Cómo Gyom se convirtió en un señor mayor
  
Gyom era un vendedor de helados de frambuesa del pueblo de Batum. Todavía era joven, y su esposa, Mek-Mek, era aún más joven que él. Sin embargo, Gyom consideraba que la gente joven no tenía oportunidades para conseguir buenos puestos de trabajo en Lailonia. Por lo tanto decidió convertirse en señor mayor y tomó todas las medidas necesarias para llegar a serlo.
-Mek-Mek -dijo a su esposa-, he decidido convertirme en señor mayor.
-¡No te atreverás! -gritó Mek-Mek-. No quiero a un viejo por esposo.
-Me dejaré crecer la barba y el bigote -dijo Gyom.
-¡Ni pensarlo! -dijo Mek-Mek en tono firme.
-Llevaré conmigo un paraguas.
-¡Nunca te daré mi permiso!
-Llevaré un sombrero hongo.
-¡No te lo consentiré!
-Llevaré chanclos.
-¡Por encima de mi cadáver!
-Llevaré gafas.
-¡Ni hablar!
-Pero Mek-Mek, sé razonable. Si tú ya sabes que los señores mayores de Lailonia tienen mejor empleo y ganan más dinero.
-No quiero oír hablar de empleo y te prohíbo categóricamente que te conviertas en señor mayor.
-Vale, pues no -dijo Gyom. Pero se dijo para sus adentros que encontraría alguna manera de convencer a Mek-Mek, o que, al menos, la engañaría de alguna forma y que se convertiría en señor mayor sin que ella se diera cuenta.

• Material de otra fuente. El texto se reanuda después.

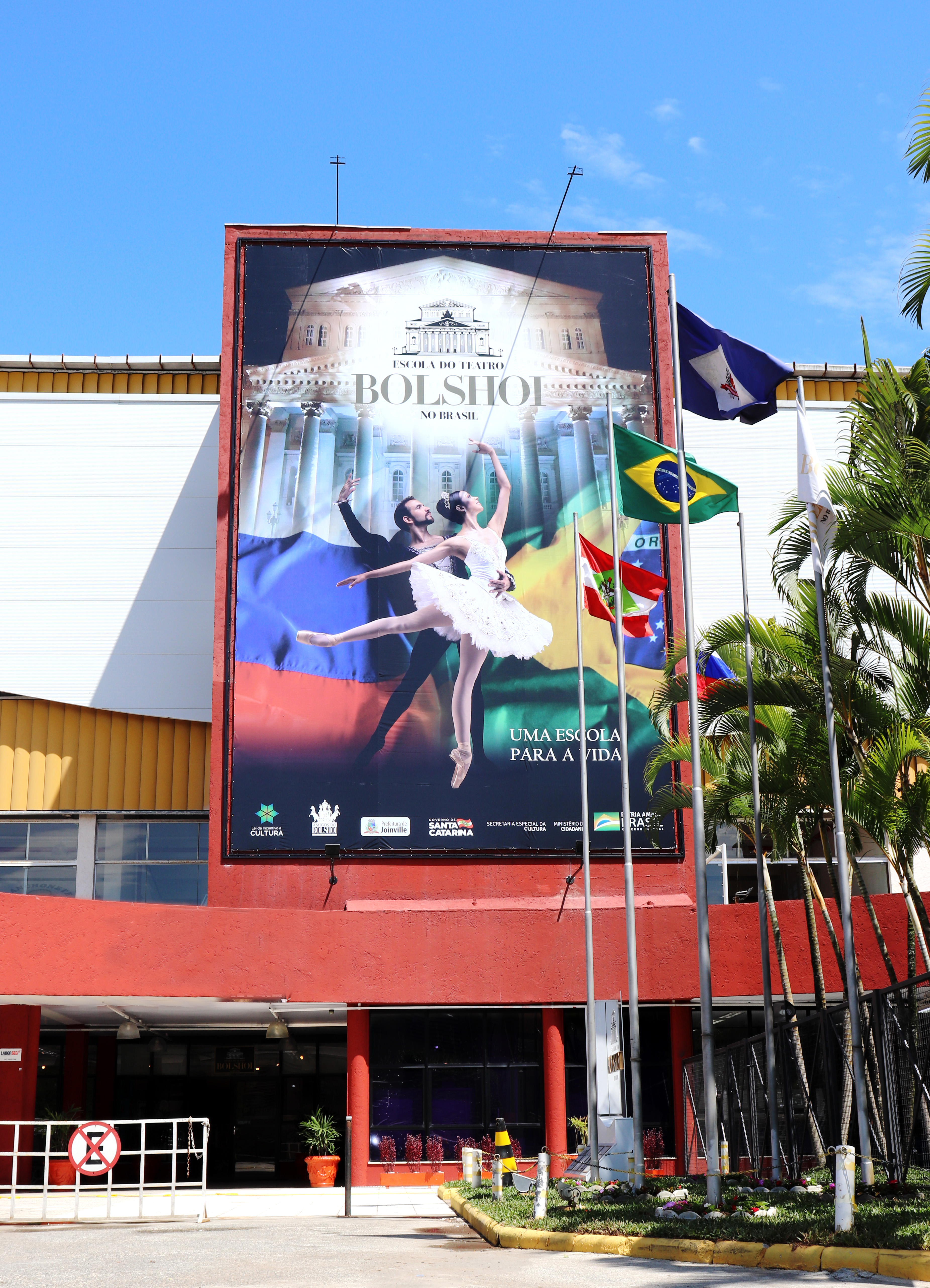 Escola Bolshoi recebe título concedido pela Câmara de Vereadores de Joinville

Y así fue. Al día siguiente Gyom hizo algunos preparativos sencillos. Compró una gran cantidad de esparadrapo de color rosa y se lo pegó en la parte inferior de la cara, en el lugar donde crecen la barba y el bigote, pues había decidido que la barba y el bigote crecerían debajo del esparadrapo y que su esposa no repararía en ello. También compró un paraguas, pero, al mismo tiempo, para poder llevarlo discretamente, se hizo con un estuche vacío de contrabajo y metió el paraguas en él. Compró un sombrero hongo, pero, para ocultarlo, se puso encima de la cabeza un gran cubo de basura metálico; era bastante incómodo, pero al menos así no se veía el sombrero. A continuación, se puso unos chanclos, los tapó con grandes cestos de mimbre que había pintado de color rojo para pasar desapercibido, y se los sujetó a los pies con cuerdas. También se puso unas gafas y las ocultó con una máscara antigás de la que había arrancado la parte inferior por ser innecesaria.

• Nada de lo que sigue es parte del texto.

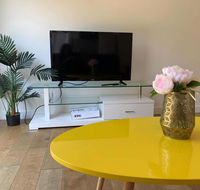 Pleasant Bedroom in Bentleigh East - Accommodation Gladstone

Ahora Gyom estaba realmente satisfecho. Se paseaba por la ciudad con la parte inferior de la cara pegada a un esparadrapo, con la parte superior tapada por un pedazo de máscara antigás, con un cubo metálico en la cabeza, unos cestos de mimbre en los pies y un estuche de contrabajo en la mano. Mek-Mek no se daba cuenta de que Gyom la engañaba, iba con él por la calle pensando que Gyom seguía siendo un hombre joven, cuando, en realidad, Gyom llevaba barba, gafas, paraguas, chanclos y sombrero hongo.

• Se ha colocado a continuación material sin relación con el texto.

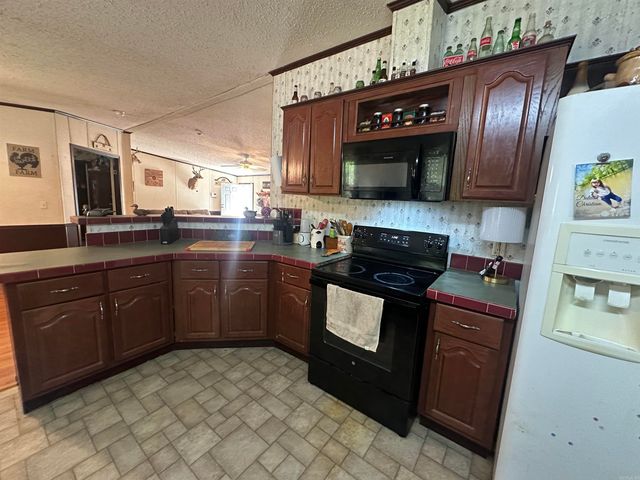 3044 Highway 33 South, De Valls Bluff, AR 72041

Pero pronto se puso de manifiesto que Gyom no había conseguido el objetivo deseado. Es cierto que Mek-Mek no había notado su transformación en señor mayor, pero los demás tampoco se habían fijado, pues no podían ver ni su barba, ni el sombrero hongo, ni los chanclos, ni las gafas, ni el paraguas, ya que  todo estaba tapado. Así que cuando Gyom paseaba por la calle, nadie pensaba que era un señor mayor y todos lo tomaban por un hombre joven corriente. Solo algunos de sus amigos le decían que últimamente estaba un poco más pálido de lo normal. En resumen, Gyom, a pesar de sus esfuerzos, no consiguió un trabajo mejor, pues dondequiera que solicitaba trabajo, le decían:
-Pero usted todavía es un hombre joven y no puede ocupar este cargo. Si usted llevara barba, gafas, paraguas y sombrero hongo, sería otra cosa. Pero así...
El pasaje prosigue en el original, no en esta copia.